Prepacked mods already have to get updated for every new version.  On top of that existing trouble, a one-time folder reorganization wouldn't be a big deal.  And besides, that's all the more reason to do this now, rather than 2 years down the road when there are 10x as many mods.  Do you really want to be stuck with the same crappy folder structure forever?
True, but your idea does not say what to do with the graphics, copy tilesets? or leave everything? On the other hand if you still need to tinker with init.txt for graphics then it does not matter, that is the mods still change game.
The point about mods is a good one. What about trying to increase the separation between the engine and the content?
  • config.txt (priviously init/init.txt, now moved to root and renamed)
  • macros
  • exports
  • lib (also put optipng here)
    • licenses
  • games (if you have multiple folders under this, then you pick one in a new menu when starting or loading a game)
    • mod_name (default "vanilla", other mods could be unpacked alongside)
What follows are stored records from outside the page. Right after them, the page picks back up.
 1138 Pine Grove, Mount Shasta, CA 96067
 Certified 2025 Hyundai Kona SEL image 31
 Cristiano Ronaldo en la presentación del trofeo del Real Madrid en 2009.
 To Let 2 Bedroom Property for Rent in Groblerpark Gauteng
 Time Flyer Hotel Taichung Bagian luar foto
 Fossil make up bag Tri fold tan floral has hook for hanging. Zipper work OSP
      • rules (previously "raw/objects")
      • media
        • images (previously data/art and raw/graphics)
        • movies
        • sound
        • text
      • save (rather than copying the raws into the saves, why not move the saves under the mods?)
... and of course, for the Mac we should get only a single bundle "Dwarf Fortress.app" with all of this encapsulated inside of it. :)
Also interesting proposition, but config is already split into 2. So footkerchief's init\<stuff thats configurable> sounds better.
As for games branch, other then renaming raws to rules sounding a bit strange,  idea is good. It would add tidiness to multimod installations.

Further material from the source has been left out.